UNITED STATES
SECURITIES AND EXCHANGE COMMISSION
Washington, D.C. 20549
SCHEDULE 13D/A
Under the Securities Exchange Act of 1934
(Amendment No 2)*
Track Group, Inc.
(Name of Issuer)
Common Stock, $0.0001 par value
(Title of Class of Securities)
81373R109
(CUSIP Number)
Mr. Heinrich Bernhard Schmitz
Conrent Invest S.A.
2, Rue des Gaulois
L-1618 Luxembourg (Luxembourg)
+352 26713320
(Name, Address and Telephone Number of Person Authorized to Receive Notices and Communications)
March 19, 2024
(Date of Event which Requires Filing of this Statement)

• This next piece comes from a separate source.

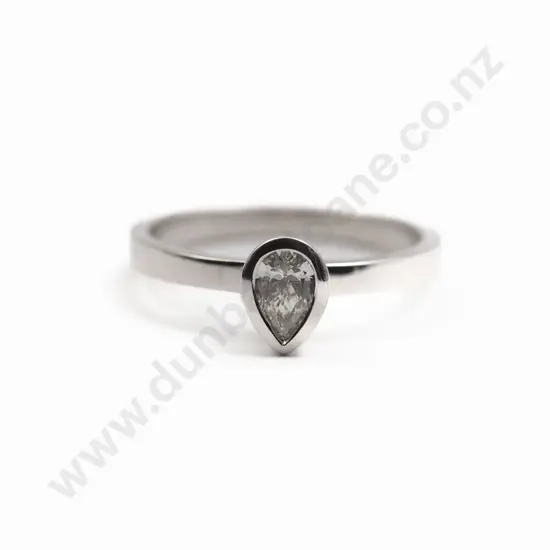 Karen Walker 9ct White Gold Solitaire Ring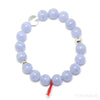 Blue Lace Agate Bracelet from Malawi | Venusrox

If the filing person has previously filed a statement on Schedule 13G to report the acquisition that is the subject of this Schedule 13D, and is filing this schedule because of §§240.13d-1(e), 240.13d-1(f) or 240.13d-1(g), check the following box. ☐
* The remainder of this cover page shall be filled out for a reporting person’s initial filing on this form with respect to the subject class of securities, and for any subsequent amendment containing information which would alter disclosures provided in a prior cover page.
The information required on the remainder of this cover page shall not be deemed to be “filed” for the purpose of Section 18 of the Securities Exchange Act of 1934 (“Act”) or otherwise subject to the liabilities of that section of the Act but shall be subject to all other provisions of the Act (however, see the Notes).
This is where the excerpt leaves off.